- **ACTIVITY**: Word for word, restate the lines from the one holding "Used 2018 Steel" through the last line of the material below, and leave every picture out.

- **EXERCISE DATA**:
::::

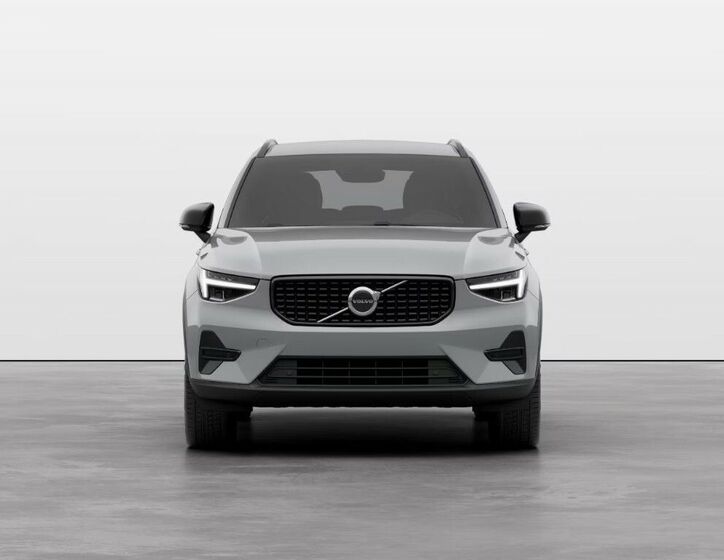 Volvo XC40 3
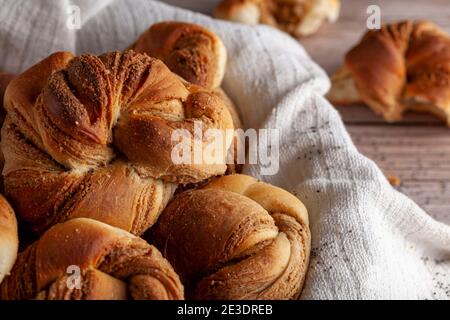 Habasli traditionnel turc. Un croissant comme un rouleau de pâte de graines de pavot à l'intérieur. Une image rapprochée avec une pile de pains est servie sur mu Banque D'Images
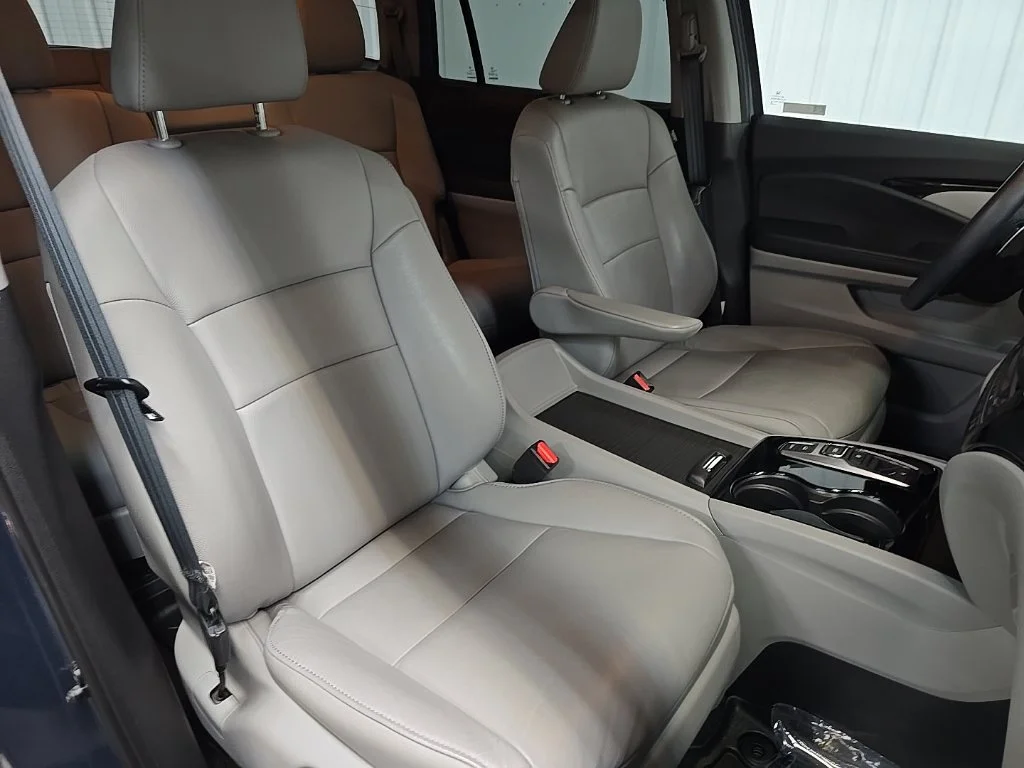 Used 2018 Steel Sapphire Metallic Honda Touring image 15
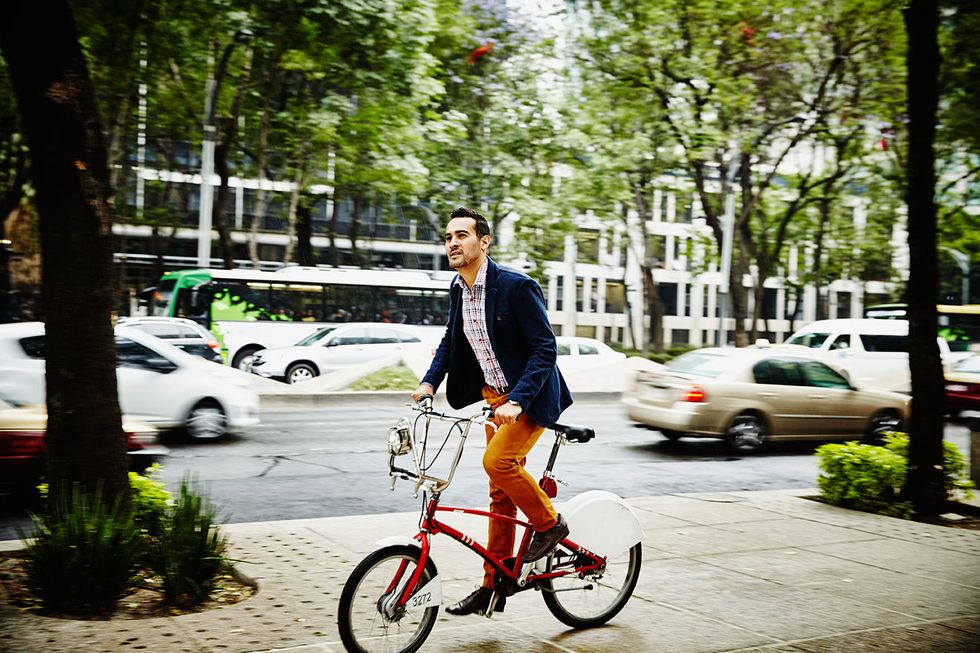 Bicycle, Cycling, Photograph, Vehicle, Recreation, Street fashion, Snapshot, Mode of transport, Transport, Fashion,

::::

- **RESPONSE AREA**:
 Used 2018 Steel Sapphire Metallic Honda Touring image 15
 Bicycle, Cycling, Photograph, Vehicle, Recreation, Street fashion, Snapshot, Mode of transport, Transport, Fashion,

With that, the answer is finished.